Cosa bisognerebbe fare per favorire lo sviluppo metropolitano dell’area dello Stretto?
«L’idea di una conurbazione che unisca Reggio e Messina non è una cosa campata in aria, ma favorirebbe la crescita dell’una e dell’altra città a mio avviso».
Che tipo di conurbazione ha in mente?
«Innanzi tutto quella della rete dei trasporti. Oggi la situazione è drammatica: quando io da Reggio per arrivare a Messina devo impiegare, quando va bene, un’ora e un quarto per prendere il traghetto e fare la traversata, evidentemente non è una cosa fattibile. Questa tempistica impedisce di spostarsi come se si vivesse in un’unica città».
Per chi vive su una sponda e lavora nell’altra sono tempi improponibili.
«Confido una cosa, quando io vado al cimitero di Messina a pregare sulla tomba dei miei genitori, posso dire soltanto una decina del Rosario. Per farlo devo impiegare 4 ore di viaggio, tra andata e ritorno. Ora tutto questo non è pensabile».
Lei è favorevole al ponte?
«Se si vuole una vera conurbazione, bisogna pensare a vie più celeri e più capaci, come potrebbe essere anche il ponte tra le due rive, del quale si parla da quando io ero bambino. Si sono fatti tanti progetti e studi, si sono spesi miliardi di lire ma ancora non si è arrivati a niente. Credo che il ponte possa far bene alle due città dello Stretto. Io credo all’utilità del ponte».

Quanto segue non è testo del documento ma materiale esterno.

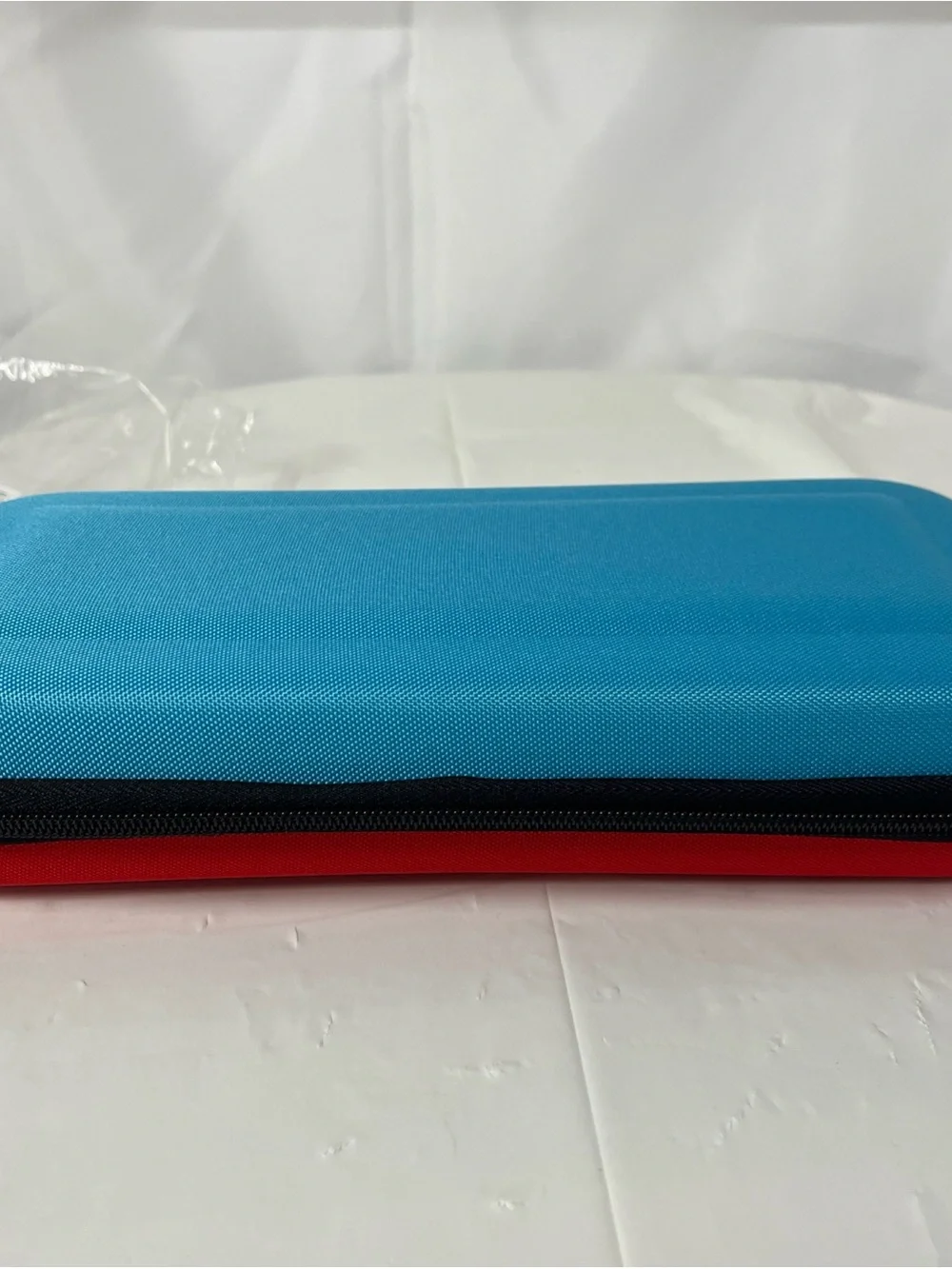 Blue and Red Two-Tone Nintendo Switch 2 carrying case with Zipper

Dal punto di vista della società civile, lei pensa che ci possano essere dei “ponti senza cemento” da costruire?
«Sì certo. Penso, per esempio, al ponte culturale tra le due Università.Si tratta di due realtà molto attive, che fanno del bene al territorio e sopratutto ai giovani. Si potrebbero studiare anche nuove vie per collegare ancora meglio le due città anche culturalmente».
Le due comunità diocesane, quella reggina e quella messinese, potrebbero favorire la costruzione di nuovi ponti?
«Conosco bene le due comunità diocesane perché sono stato vescovo ausiliare di Messina e poi arcivescovo di Reggio. Credo che le due comunità diocesane possano contribuire sostanzialmente alla costruzione del ponte culturale di cui parlavo prima. Da parecchi anni c’è un contatto tra Reggio e Messina attraverso l’istituto San Tommaso di Messina, che è un riferimento di tutta la diocesi messinese, e gli Istituti teologici di Reggio. Diversi docenti reggini insegnano al San Tommaso e alcuni docenti messinesi insegnavano a Reggio. Questo è un ponte che già esiste, merita di essere approfondito».